The front page of the newspaper’s first World War I issue featured A Message from Our Chief, a short valedictory from General John J. Pershing, commander in chief of the American Expeditionary Force (AEF): The paper, written by the men in the service, should speak the thoughts of the new American army and the American people from whom the army has been drawn. It is your paper. Good luck to it.

The World War I-era Stars and Stripes was largely the creation of Second Lieutenant Guy T. Viskniskki, an AEF press officer and former censor at the American Field Test Headquarters in Neufchateau, France. Featuring news articles, sports news, poetry, letters to the editor and cartoons, among other content, the eight-page weekly publication was printed on presses that had been borrowed from Paris newspapers. Viskniskki’s staff was made up mostly of enlisted men and featured prominent journalists like Harold Ross, future co-founder of The New Yorker magazine, Alexander Woollcott, a former drama critic for The New York Times, and Grantland Rice, who went onto become known as the dean of American sports writers.
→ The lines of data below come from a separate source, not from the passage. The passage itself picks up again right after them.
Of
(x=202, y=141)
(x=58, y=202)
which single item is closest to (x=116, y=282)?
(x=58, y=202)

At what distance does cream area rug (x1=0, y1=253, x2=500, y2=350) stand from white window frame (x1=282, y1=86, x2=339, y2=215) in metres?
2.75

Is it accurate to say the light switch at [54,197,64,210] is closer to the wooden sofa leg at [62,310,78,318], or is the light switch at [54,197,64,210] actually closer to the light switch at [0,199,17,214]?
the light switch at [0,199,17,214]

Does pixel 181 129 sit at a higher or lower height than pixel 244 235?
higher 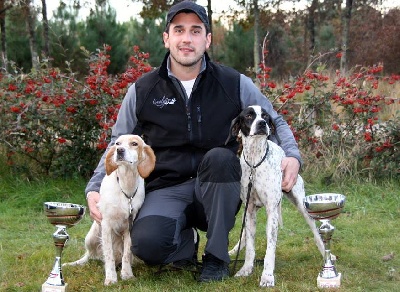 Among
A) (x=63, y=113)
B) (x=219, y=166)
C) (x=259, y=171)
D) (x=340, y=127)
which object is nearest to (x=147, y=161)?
(x=219, y=166)

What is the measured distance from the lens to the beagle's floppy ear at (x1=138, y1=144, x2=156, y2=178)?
338cm

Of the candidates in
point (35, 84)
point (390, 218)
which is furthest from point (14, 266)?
point (390, 218)

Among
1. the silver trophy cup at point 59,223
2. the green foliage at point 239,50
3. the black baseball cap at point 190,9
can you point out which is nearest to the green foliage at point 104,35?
the green foliage at point 239,50

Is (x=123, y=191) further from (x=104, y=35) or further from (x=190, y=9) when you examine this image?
(x=104, y=35)

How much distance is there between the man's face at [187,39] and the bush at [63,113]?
90.5 inches

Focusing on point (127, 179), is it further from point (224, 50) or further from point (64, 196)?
point (224, 50)

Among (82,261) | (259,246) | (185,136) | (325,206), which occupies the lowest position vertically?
(259,246)

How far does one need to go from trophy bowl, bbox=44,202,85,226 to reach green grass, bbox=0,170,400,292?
16.7 inches

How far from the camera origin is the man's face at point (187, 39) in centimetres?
360

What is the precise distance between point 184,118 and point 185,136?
12 centimetres

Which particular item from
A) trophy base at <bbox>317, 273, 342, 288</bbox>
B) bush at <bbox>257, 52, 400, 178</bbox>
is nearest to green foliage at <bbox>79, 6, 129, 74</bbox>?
bush at <bbox>257, 52, 400, 178</bbox>

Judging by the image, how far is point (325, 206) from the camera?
3219mm

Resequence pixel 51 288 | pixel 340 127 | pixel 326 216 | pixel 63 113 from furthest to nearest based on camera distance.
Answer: pixel 340 127 < pixel 63 113 < pixel 326 216 < pixel 51 288

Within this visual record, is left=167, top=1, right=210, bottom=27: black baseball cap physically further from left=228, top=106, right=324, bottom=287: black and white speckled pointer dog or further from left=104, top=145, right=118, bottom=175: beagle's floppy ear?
left=104, top=145, right=118, bottom=175: beagle's floppy ear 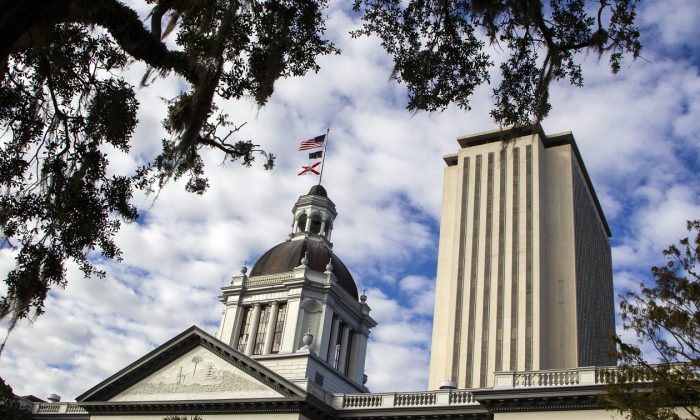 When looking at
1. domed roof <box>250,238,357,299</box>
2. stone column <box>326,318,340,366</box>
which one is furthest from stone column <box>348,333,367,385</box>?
domed roof <box>250,238,357,299</box>

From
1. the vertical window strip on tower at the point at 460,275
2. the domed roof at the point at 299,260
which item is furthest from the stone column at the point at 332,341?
the vertical window strip on tower at the point at 460,275

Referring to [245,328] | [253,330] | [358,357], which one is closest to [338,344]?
[358,357]

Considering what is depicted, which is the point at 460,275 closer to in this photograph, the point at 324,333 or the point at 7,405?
the point at 324,333

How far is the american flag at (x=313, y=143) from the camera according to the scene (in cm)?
4384

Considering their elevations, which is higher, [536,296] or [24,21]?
[536,296]

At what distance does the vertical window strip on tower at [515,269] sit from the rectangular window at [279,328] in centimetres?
3786

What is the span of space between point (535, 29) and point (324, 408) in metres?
23.7

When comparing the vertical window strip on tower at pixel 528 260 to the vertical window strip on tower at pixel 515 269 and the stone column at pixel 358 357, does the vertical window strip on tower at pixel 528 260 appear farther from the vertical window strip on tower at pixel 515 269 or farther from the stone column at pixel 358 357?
the stone column at pixel 358 357

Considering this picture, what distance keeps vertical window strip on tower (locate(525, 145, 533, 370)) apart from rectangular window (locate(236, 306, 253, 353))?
39710 millimetres

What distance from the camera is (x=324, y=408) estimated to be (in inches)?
1207

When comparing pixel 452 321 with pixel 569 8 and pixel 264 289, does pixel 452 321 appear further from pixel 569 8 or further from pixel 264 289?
pixel 569 8

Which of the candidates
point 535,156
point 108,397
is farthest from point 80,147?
point 535,156

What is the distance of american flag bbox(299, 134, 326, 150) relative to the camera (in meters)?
43.8

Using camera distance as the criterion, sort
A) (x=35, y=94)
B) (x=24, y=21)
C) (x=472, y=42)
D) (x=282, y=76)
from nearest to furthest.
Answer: (x=24, y=21)
(x=35, y=94)
(x=282, y=76)
(x=472, y=42) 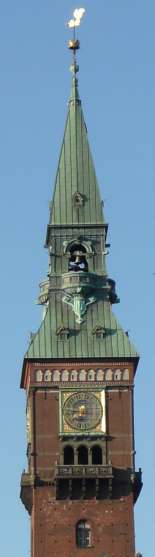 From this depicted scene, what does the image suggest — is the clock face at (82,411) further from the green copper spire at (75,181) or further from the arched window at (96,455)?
the green copper spire at (75,181)

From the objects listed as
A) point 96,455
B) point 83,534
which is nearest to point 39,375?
point 96,455

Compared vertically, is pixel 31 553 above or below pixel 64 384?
below

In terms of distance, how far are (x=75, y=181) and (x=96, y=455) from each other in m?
15.0

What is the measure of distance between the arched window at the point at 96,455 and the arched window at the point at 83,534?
9.71 ft

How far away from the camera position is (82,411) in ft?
400

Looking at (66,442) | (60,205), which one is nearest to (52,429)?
(66,442)

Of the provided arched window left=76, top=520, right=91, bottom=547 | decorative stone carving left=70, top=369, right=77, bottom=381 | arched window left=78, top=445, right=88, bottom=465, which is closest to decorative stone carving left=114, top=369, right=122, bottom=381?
decorative stone carving left=70, top=369, right=77, bottom=381

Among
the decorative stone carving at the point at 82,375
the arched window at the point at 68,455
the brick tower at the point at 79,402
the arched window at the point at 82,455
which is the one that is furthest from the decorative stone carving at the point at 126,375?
the arched window at the point at 68,455

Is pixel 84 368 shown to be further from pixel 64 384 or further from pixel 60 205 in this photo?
pixel 60 205

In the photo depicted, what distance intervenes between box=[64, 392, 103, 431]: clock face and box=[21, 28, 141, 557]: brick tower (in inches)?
1.8

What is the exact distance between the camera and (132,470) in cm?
12088

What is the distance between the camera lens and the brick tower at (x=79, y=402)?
394 ft

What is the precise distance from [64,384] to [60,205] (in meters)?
10.3

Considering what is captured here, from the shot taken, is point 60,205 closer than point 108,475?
No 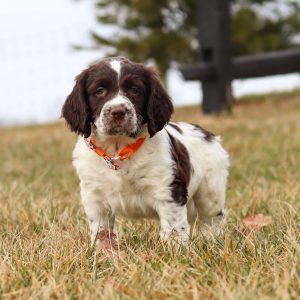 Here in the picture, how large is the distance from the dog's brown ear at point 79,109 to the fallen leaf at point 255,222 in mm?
981

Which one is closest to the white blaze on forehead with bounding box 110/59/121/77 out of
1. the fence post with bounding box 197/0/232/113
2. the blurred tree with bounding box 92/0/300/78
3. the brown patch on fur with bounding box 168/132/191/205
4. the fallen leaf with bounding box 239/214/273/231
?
the brown patch on fur with bounding box 168/132/191/205

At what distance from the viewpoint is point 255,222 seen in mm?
3998

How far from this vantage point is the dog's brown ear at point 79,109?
3693 mm

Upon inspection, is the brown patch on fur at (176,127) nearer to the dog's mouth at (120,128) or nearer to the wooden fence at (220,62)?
the dog's mouth at (120,128)

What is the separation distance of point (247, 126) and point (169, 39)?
1219 centimetres

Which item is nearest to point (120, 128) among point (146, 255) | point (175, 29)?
point (146, 255)

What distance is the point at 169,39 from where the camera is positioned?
20.4 m

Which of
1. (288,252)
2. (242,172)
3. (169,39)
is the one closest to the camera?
(288,252)

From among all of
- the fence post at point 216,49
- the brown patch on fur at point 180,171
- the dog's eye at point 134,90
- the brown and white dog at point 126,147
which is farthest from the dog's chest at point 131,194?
the fence post at point 216,49

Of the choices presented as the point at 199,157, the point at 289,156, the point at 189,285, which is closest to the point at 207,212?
the point at 199,157

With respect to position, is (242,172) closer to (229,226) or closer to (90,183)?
(229,226)

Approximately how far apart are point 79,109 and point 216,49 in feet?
24.1

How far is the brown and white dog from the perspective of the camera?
3.58 meters

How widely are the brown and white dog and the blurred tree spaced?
16649 mm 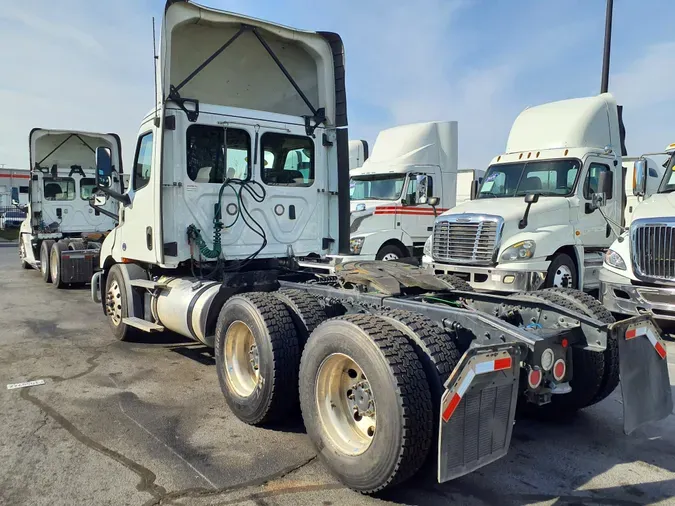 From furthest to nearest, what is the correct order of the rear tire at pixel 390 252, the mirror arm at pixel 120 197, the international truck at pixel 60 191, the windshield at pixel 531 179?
the international truck at pixel 60 191
the rear tire at pixel 390 252
the windshield at pixel 531 179
the mirror arm at pixel 120 197

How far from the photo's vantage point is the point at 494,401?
10.3 ft

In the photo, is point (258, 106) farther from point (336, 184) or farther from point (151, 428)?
point (151, 428)

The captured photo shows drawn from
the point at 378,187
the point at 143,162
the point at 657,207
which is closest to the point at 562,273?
the point at 657,207

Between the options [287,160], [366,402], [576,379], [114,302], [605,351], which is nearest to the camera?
[366,402]

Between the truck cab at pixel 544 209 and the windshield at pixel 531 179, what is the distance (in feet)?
0.05

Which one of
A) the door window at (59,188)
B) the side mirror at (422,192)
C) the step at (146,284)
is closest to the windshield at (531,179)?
the side mirror at (422,192)

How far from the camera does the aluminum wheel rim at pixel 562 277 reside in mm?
9031

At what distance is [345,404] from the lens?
12.6 feet

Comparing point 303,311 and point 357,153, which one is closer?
point 303,311

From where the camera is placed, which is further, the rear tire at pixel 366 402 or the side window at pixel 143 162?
the side window at pixel 143 162

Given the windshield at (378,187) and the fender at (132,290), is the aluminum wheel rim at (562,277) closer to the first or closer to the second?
the windshield at (378,187)

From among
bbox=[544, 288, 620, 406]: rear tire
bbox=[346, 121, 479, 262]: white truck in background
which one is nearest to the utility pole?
bbox=[346, 121, 479, 262]: white truck in background

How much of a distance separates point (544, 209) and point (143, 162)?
245 inches

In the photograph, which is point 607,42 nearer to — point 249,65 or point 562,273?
point 562,273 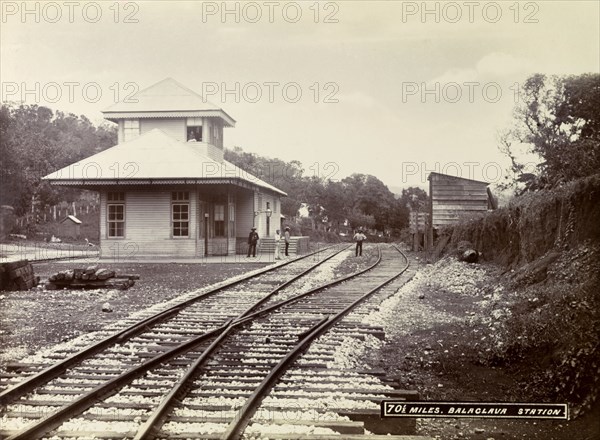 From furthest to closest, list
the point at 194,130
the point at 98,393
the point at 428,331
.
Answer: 1. the point at 194,130
2. the point at 428,331
3. the point at 98,393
At its peak during the war, Stars and Stripes reached a circulation of 526,000.

Stars and Stripes resumed publication during World War II, during which circulation reached 1,000,000. Serving as a daily hometown newspaper for service members, government civilians and their families stationed around the world, it has been in continuous publication in Europe since 1942 and in the Pacific since 1945. In these two regions, Stars and Stripes reaches 80,000 and 60,000 readers respectively. It also publishes a Middle East edition as well as an electronic edition on the Internet.